Provided data -
···

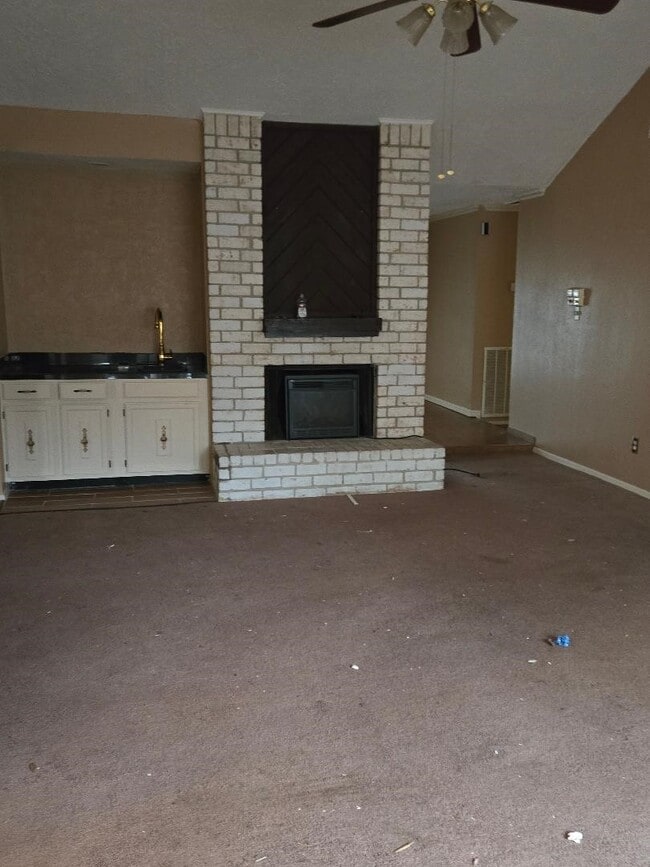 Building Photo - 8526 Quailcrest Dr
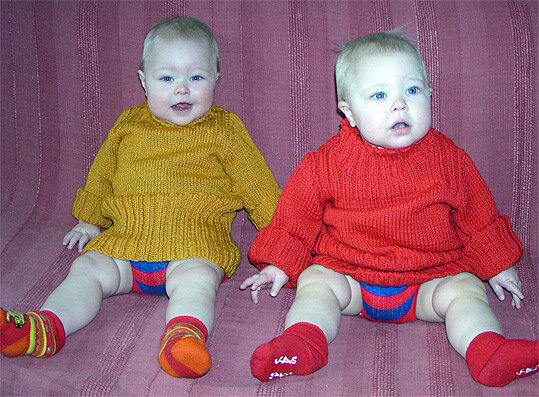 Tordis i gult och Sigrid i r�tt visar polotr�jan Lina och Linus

···

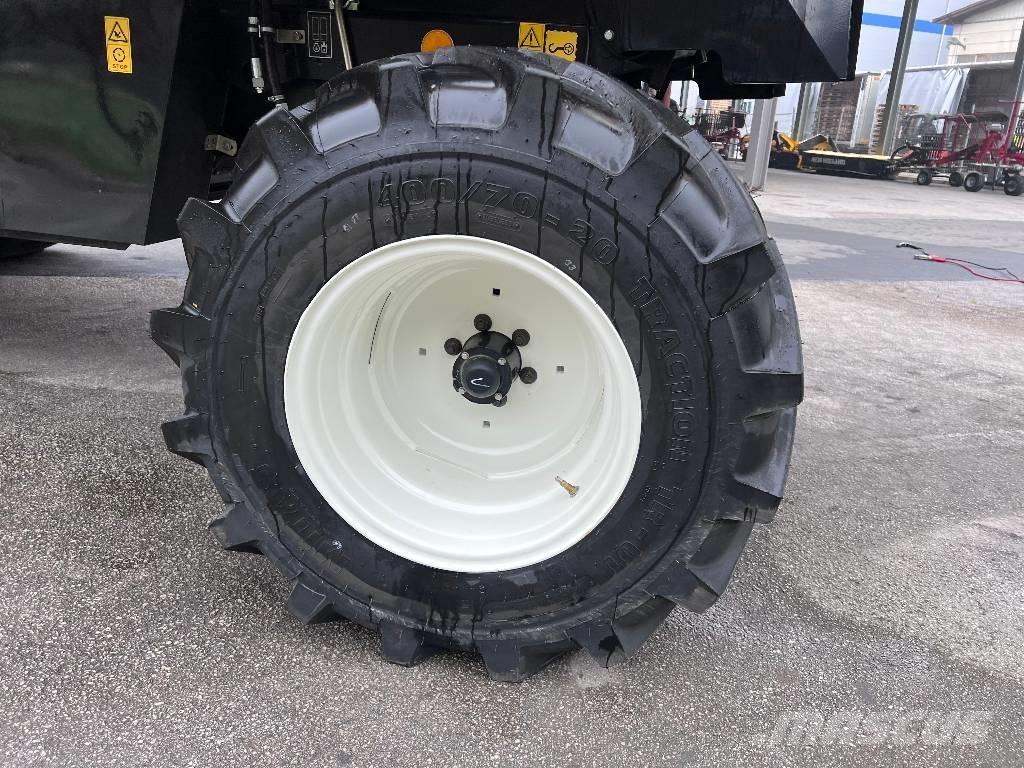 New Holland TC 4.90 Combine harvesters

···

Task objective - Keep to the lines above from the line with "Building Photo - 8526 Quailcrest Dr" to the line with "Tordis i gult", and set down exactly those, inclusive, with nothing else and every picture left out.

Output for this exercise -
 Building Photo - 8526 Quailcrest Dr
 Tordis i gult och Sigrid i r�tt visar polotr�jan Lina och Linus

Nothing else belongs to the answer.